If there is a reaction against Islamification, Jews will receive as much as much kickback as Muslims will, because ultimately it can only be some version of white nationalism that has the will to kick back against Islam. We can predict how Jews will fare with that sort of societal change, especially given that Jews are widely perceived in those circles as major contributors and enablers to the unopposed Islamification of Europe.

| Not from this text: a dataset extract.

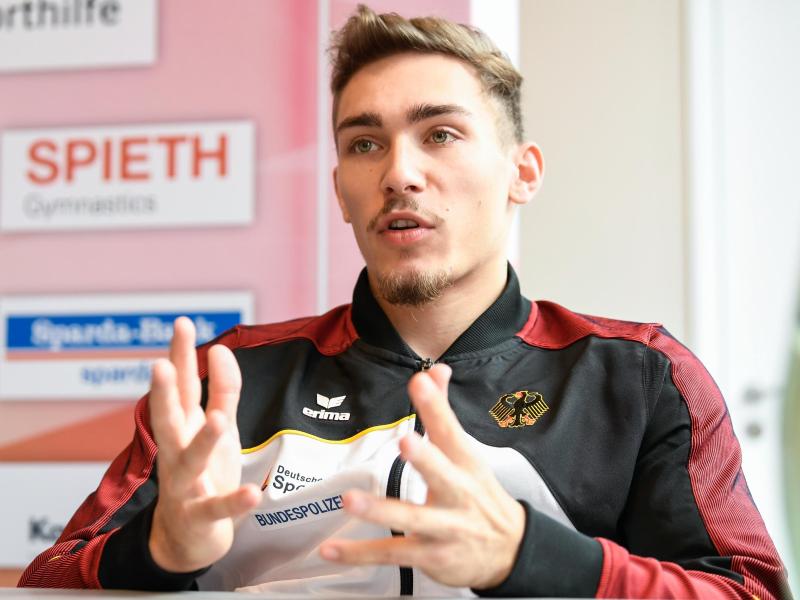 Schockiert von den Vorfällen in seiner Heimatstadt Halle: Turner Nick Klessing Schockiert von den Vorfällen in seiner Heimatstadt Halle: Turner Nick Klessing
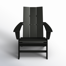 Modern Curveback Adirondack Chair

Departure to Canada/US, Australia, etc might buy Jews some time, but unless they wise up and realize that enabling Islamification is a sure ticket to their decline, the same things will likely end up happening in those other places, just a generation or two later.

Unknown said...

This just gave me chills -- and not the good kind.

HeLives said...

Reading your comment on "Should the Jews Leave Europe" just made me so very sad, and then mad too. Sad because since I was a little girl the Lord has put a great love for the Jews in my heart. Although I had no idea as to who Jesus is or any of the background of His lineage. Nor that God had chosen them to reveal His nature and Power through, yet for many years that love grew within me. I feel such anguish that the Israeli's/Jews suffer at any whim that befalls men anytime they need a scapegoat on which to blame the problems of the world, because for gosh sakes! it can never be THEIR fault for the way things are, they think. I am so sorry for what people do to you -how they have abused and treated you. They have NO right. Jehovah God is your Judge, and all mens, they are not. Satan is attempting to destroy you again like he did before thinking he can destroy God's plans of restoration and fulfillment of Abraham's covenant through you. Yes, I think you should leave Europe. It is only going to get worse I say this from Bible Prophecy alluding to these latter days in which I believe that we are indeed living. My prayers are ever with you and if there is anything that I could do? I surely would. In my hometown paper I submit "letters/small articles" in defense of Israel, in defense of God'[s chosen people. With love I sign this, from a saved by the Grace of God Believer in Yeshua, to the Chosen people of God.

Allison said...

They absolutely should not leave! European Jews should be protected like any other Eurpoean citizen. They are entitled to live in their homes in peace and prosper in their homes as well. They are citizens of those nations and it would be tragic for the world to sit by and let them be forced away from their homes. I hope they stand their ground, are protected by the authorites and do not have to live in fear as if they were living under a Fascist or Nazi dictatorial regime. Their freedoms and rights need to be protected and America has an obligation to ensure that freedom loving people who reside in the sovreign nations of our allies are safe and secure. Freedom is worth dying for, many people have given their lives for it. Europe needs to shape up and get with the program and if they don't I'm willing to take the first bullet in the fight to make sure they do not allow their own citizenry to be driven away from their homes.